Magic Lantern Slide: Terns with Nest

These are verbatim transcripts of interviews, reflecting spoken rather than written language.


INTERVIEWER 1: It’s the 27th of January, 2022, and this is a story interview for Out and About: Queering the Museum project at RAMM, and my name is Natalie McGrath and I am interview Kate Farrell. Hi, Kate. 



INTERVIEWER 1: Welcome. 

PARTICIPANT 1: Thank you. 


INTERVIEWER 1: So we are asking everyone to choose an object that they connect to from RAMM’s collections, so can you tell us which object you have chosen and can you describe it to us as well? 

PARTICIPANT 1: I can. So I’ve chosen terns with nests, which is a magic lantern slide from Alfred Roden, and it’s part of the magic lantern slide collection that RAMM have. As I explored the digital archive online I came across it and it immediately jumped out to me as something huge even though I think in reality it’s probably an inch or two across, but it’s a beautiful image that really called to us.

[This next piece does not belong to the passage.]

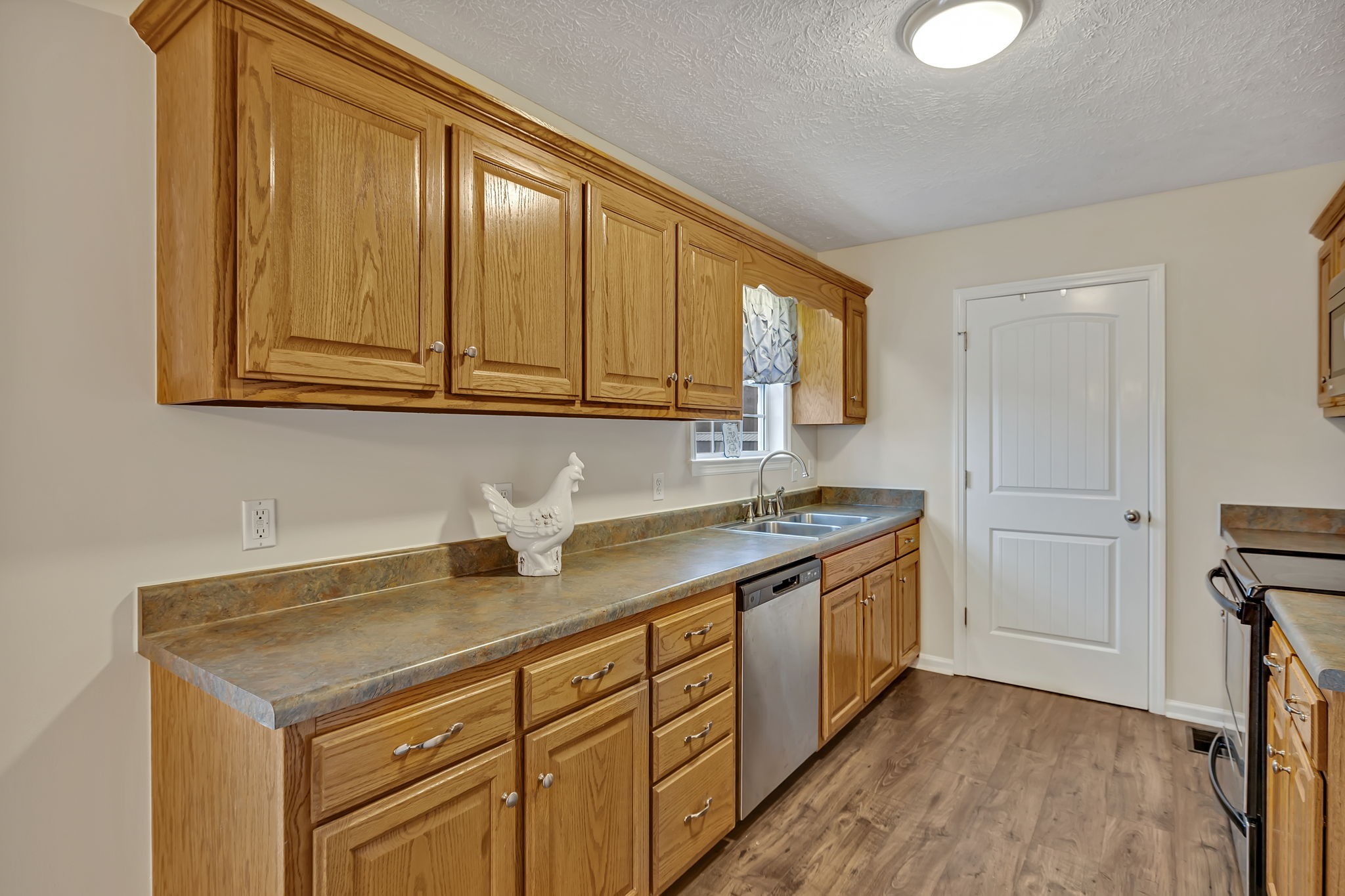 153 Spry Road Morrison, TN 37357 - Photo 5 of 19 a kitchen with stainless steel appliances granite countertop a sink stove and cabinets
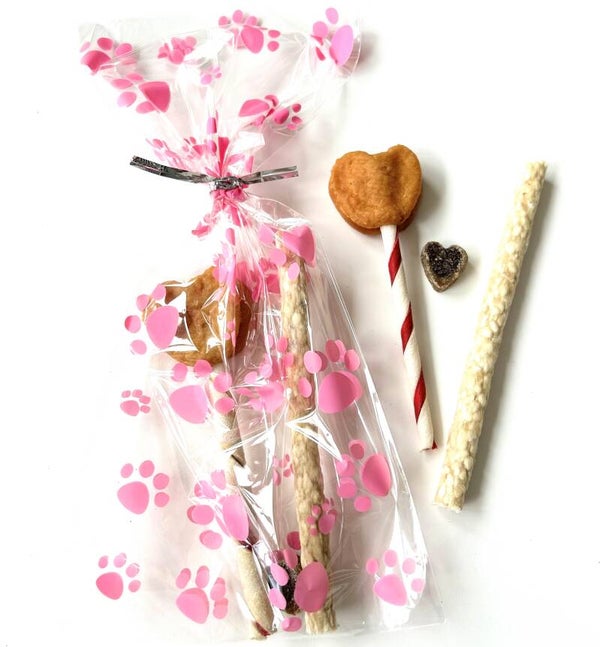 Honden lolly hart in cellofaan zakje met roze honden pootjes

If I describe the blown-up image, it is a captured seascape with a rugged rock, some terns, which are silver and white birds with a black head and a long beak circling around a nest at the base of the rocks where you can see they’ve got eggs. 


INTERVIEWER 1: I mean that’s a beautiful image that you’ve conjured and described it so well. I could really imagine it. So why this object and also what drew you to it?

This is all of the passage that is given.